Karabük’te hayatın durgunluğu üzerine şimdiye değin çok yazılar yazıldı.
Çok sözler söylendi.
Karabük’te bir şeylerin hep eksikliği üzerinde duruldu.
Duyarsızlık…
Ben yaptım oldu anlayışı….
Gün ola harman ola dendi.
Karabük’te insanların gelecekle ilgilenmedikleri,günlük yaşadıkları iddia edildi.
Kuşkusuz…
Bu değerlendirmelerin doğru olup olmadığını sorgulayabilecek elimizde kayda değer sosyolojik araştırma sonuçları yok.
Ama gözlemlerimiz söylenenleri doğrular nitelik taşımakta…
Karabük’te yaşam anlayışı farklılık üretmeye devam ediyor.
Ortak bir kültüre vurgu yapamıyor.
Bu durumu nasıl tanımlamak gerek.
İşçi kültürü bu mudur?
Elbette değil…!
Ya emeklilik halinin geleceği birtürlü kucaklamayan kuşkulu durumu mudur?
Bilinmez.!
Sıkıntılar ve sıkıntıların ortaya çıkardığı sorunlar dolayısıyla kentte olup biteni anlamak mümkün olmuyor.

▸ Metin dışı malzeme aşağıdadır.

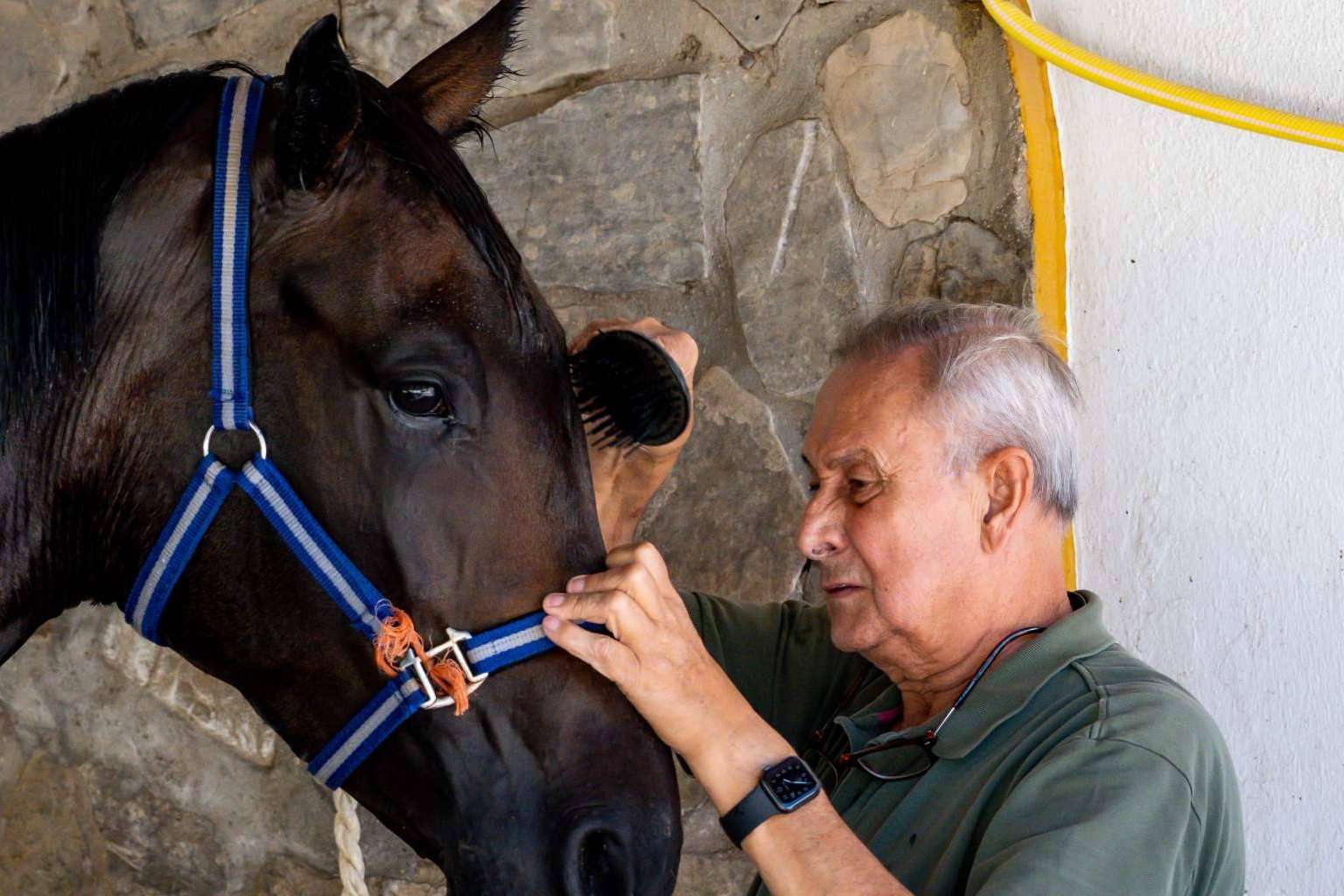 El centro donde cuidar de la salud tanto de jinetes como de caballos, Yeguada Encinasola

Türdeş kentlerde sosyal hayat kendi dinamizmi ile devam ederken, bu anlayışı oluşturamamış kentlerde yaşam birdenbire alt üst oluveriyor
Türdeş yapı kavramı gücünü köklü geleneksel yaşantıdan alır.
Ortak kültür uzun bir tarihsel sürecinin yaşanmasından sonra ortaya çıkar.
Örneğin bu kültürün mükemmel olarak yaşandığı bir mekanda, bulunduğunuzu hayal edin….
İnsanlar bir kere tanıdık….
Mahalleli birbirini biliyor.
Sokak tanıdık kişilerden oluşuyor.
Sonuç…
Yaşamı kolaylaştıran ne varsa hayata içerik ,anlam ve değer kazanıyor.
Biz ;yatırım,kalkınma,teşvik,yol,içme suyu ,kent meydanı derken kent yaşamı için elzem olan manevi değerleri,kültürü hiçe sayıyoruz.
Göz ardı ediyoruz…
Sonra da neden Karabük’te tuhaf /acayip olaylar yaşanıyor diye kendi kendimize sorular sorup,dövünmeye başlıyoruz…
Sosyal hayatı ortak bir kültürle bütünleşmemiş kentler gelecek açısından sorun oluşturmaktadır.
Karabük’te bu noktada yazılı ve görsel yayın kuruluşlarına da büyük görevler düşmektedir.
Bu kuruluşlar bir kere daha etkin bir biçimde halka ulaşmanın yolunu bulmalı ,bilinçlendirme noktasında eğitici yazılar, öğretici programlarla kültürel hayata aktive kazandırmalıdırlar.
Sadece tüketimi/tüketmeyi pompalayan reklamlar , insanları mutsuz bırakmakta,onları özne değil nesne olmaya itmektedir.
Herkes kendine düşün görevi para kazanma tutkusunun dışında bir sorumluluk anlayışı ile üstlenirse toplum,kente yakışan “türdeş kültürü” oluşturabilir…
Oluşturamazsa ne mi olur?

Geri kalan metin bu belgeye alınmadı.